JuliaPOMDP/POMCPOW.jl

Using POMCPOW with belief states

Closed this issue · 3 comments

odow commented

Hey! So I'm trying to solve some POMDPs, and I successfully have with different solvers such as QMDP and BasicPOMCP, but I'm stuck trying to use this one.

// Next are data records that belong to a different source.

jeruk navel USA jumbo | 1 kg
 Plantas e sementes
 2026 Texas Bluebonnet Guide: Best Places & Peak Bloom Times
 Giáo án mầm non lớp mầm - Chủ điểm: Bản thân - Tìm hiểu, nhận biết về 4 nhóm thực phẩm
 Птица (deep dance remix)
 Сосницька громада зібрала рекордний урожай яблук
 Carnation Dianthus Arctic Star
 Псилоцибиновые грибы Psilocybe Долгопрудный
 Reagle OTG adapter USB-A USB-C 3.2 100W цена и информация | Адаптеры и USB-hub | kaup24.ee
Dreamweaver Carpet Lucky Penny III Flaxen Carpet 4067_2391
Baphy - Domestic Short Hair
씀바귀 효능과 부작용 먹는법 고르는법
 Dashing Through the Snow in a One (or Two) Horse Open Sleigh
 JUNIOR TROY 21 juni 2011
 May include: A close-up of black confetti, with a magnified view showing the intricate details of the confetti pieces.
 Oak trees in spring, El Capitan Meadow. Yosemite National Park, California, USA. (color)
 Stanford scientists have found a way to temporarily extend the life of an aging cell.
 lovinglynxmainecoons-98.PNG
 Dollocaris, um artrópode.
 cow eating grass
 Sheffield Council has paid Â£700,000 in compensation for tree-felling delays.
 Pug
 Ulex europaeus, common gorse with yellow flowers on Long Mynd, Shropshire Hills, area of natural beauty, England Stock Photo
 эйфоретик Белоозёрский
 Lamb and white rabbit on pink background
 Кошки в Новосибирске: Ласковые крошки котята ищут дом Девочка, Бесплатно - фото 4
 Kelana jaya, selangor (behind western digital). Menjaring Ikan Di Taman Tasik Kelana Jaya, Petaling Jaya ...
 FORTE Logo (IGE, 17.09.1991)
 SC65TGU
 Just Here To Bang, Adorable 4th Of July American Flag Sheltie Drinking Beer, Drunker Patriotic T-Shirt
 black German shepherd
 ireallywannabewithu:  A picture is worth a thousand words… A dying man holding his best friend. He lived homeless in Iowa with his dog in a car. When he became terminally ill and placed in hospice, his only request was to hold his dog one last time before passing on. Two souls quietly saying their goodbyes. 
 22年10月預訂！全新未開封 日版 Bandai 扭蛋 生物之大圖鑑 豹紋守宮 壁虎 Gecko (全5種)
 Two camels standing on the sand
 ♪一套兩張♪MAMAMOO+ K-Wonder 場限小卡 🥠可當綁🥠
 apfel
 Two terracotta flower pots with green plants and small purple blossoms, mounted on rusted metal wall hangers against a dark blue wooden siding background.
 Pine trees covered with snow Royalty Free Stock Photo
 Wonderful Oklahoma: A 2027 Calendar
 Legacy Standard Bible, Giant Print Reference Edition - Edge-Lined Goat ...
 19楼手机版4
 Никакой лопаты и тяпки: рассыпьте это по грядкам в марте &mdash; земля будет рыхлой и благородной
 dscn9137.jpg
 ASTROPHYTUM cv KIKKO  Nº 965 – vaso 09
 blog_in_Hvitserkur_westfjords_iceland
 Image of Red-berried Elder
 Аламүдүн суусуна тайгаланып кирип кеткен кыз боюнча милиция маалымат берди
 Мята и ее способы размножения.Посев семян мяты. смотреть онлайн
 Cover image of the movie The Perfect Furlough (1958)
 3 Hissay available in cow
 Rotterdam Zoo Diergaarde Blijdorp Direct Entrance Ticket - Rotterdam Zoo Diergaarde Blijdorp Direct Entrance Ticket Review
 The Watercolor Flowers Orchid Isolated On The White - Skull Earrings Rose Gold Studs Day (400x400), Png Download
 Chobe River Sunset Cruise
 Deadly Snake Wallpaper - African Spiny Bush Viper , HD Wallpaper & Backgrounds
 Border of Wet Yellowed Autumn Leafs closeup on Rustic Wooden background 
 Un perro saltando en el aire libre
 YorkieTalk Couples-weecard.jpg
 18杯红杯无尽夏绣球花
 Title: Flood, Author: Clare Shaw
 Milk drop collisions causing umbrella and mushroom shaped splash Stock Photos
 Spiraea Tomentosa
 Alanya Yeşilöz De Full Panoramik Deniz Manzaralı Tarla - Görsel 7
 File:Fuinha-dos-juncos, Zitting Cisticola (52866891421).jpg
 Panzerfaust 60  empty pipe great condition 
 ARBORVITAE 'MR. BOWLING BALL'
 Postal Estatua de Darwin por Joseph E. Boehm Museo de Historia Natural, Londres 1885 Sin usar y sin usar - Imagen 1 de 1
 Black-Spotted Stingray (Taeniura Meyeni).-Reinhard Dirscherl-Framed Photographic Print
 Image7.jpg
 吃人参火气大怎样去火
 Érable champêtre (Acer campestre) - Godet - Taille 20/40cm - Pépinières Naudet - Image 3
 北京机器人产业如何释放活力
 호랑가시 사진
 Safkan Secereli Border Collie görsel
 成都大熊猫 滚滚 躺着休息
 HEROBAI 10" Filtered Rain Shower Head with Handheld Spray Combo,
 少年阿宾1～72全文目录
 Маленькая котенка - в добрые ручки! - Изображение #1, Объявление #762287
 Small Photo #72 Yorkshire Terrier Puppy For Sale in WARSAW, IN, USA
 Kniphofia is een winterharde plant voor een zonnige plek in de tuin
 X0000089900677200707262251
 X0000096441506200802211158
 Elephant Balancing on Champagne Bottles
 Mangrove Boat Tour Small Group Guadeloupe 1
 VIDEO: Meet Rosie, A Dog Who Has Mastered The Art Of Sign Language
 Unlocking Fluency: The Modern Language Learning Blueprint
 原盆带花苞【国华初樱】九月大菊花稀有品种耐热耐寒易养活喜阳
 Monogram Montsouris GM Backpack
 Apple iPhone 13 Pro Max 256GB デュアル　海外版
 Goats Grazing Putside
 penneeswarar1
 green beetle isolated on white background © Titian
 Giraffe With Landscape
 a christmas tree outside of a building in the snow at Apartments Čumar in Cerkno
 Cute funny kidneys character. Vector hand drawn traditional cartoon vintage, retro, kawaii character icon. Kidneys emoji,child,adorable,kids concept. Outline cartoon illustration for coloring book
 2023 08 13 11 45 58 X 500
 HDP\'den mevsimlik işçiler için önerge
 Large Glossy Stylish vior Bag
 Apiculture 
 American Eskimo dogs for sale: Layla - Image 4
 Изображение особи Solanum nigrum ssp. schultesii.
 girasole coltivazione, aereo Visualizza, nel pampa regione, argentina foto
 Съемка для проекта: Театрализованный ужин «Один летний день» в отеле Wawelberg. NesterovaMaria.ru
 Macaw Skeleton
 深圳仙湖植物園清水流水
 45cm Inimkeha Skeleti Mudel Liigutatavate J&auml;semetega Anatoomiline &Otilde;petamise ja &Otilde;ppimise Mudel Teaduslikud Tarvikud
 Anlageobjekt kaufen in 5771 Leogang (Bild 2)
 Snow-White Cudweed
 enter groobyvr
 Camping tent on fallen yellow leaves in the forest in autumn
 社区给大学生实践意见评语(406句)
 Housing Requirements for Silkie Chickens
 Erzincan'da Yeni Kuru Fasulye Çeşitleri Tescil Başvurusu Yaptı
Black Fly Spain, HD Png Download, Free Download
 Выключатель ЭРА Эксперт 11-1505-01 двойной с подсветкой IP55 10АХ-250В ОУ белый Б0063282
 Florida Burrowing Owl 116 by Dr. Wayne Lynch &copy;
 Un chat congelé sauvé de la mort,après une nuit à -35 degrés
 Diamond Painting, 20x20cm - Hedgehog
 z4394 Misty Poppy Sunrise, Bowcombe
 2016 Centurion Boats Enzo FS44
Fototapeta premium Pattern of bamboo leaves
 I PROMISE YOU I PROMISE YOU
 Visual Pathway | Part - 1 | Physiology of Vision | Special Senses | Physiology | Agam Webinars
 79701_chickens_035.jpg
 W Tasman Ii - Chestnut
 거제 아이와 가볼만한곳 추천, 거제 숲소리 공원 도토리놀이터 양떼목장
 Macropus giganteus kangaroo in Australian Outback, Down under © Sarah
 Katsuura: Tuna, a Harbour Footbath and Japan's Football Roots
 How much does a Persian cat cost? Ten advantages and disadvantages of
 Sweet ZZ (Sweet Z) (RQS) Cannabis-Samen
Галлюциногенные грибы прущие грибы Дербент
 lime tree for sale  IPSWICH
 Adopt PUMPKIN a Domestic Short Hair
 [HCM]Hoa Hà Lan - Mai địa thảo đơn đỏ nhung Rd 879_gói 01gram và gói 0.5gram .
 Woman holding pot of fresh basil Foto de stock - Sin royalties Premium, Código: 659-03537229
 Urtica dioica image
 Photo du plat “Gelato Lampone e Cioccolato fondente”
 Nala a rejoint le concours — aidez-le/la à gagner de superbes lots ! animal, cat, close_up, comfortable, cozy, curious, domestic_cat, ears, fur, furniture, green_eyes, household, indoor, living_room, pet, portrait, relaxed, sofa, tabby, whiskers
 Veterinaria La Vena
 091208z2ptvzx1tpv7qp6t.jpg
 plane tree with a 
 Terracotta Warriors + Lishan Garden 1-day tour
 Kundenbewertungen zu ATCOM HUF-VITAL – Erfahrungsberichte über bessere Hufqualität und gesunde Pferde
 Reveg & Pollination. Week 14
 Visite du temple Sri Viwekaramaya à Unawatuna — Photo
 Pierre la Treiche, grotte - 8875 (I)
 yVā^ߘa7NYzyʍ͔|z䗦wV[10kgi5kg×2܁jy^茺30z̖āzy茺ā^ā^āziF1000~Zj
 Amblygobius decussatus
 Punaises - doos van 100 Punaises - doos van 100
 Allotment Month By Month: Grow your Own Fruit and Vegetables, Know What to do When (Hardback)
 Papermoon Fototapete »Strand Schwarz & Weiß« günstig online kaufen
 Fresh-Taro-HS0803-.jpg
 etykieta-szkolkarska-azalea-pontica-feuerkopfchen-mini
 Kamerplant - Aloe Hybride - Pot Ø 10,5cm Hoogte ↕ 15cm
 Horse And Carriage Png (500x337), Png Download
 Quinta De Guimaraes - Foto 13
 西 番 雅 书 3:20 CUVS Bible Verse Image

In all other solvers, I've simulated the policy using a belief updater constructed as updater(policy). With this solver, I get

ERROR: MethodError: no method matching updater(::POMCPOWPlanner{InventoryManagement,POMCPOW.POWNodeFilter,MaxUCB,MCTS.RandomActionGenerator{Random.MersenneTwister},BasicPOMCP.SolvedPORollout{POMDPPolicies.RandomPolicy{Random.MersenneTwister,InventoryManagement,BeliefUpdaters.NothingUpdater},BeliefUpdaters.NothingUpdater,Random.MersenneTwister},Int64,Float64,POMCPOWSolver})
Closest candidates are:
updater(::POMDPPolicies.AlphaVectorPolicy) at C:\Users\Oscar\.julia\packages\POMDPPolicies\nVH68\src\alpha_vector.jl:45
updater(::POMDPPolicies.FunctionPolicy) at C:\Users\Oscar\.julia\packages\POMDPPolicies\nVH68\src\function.jl:27
updater(::POMDPPolicies.RandomPolicy) at C:\Users\Oscar\.julia\packages\POMDPPolicies\nVH68\src\random.jl:38
...
Stacktrace:
[1] top-level scope at none:0

In the readme, it looks like it users updater(pomdp), but then I have to overload the method myself and I couldn't find any documentation that describes what the method should do...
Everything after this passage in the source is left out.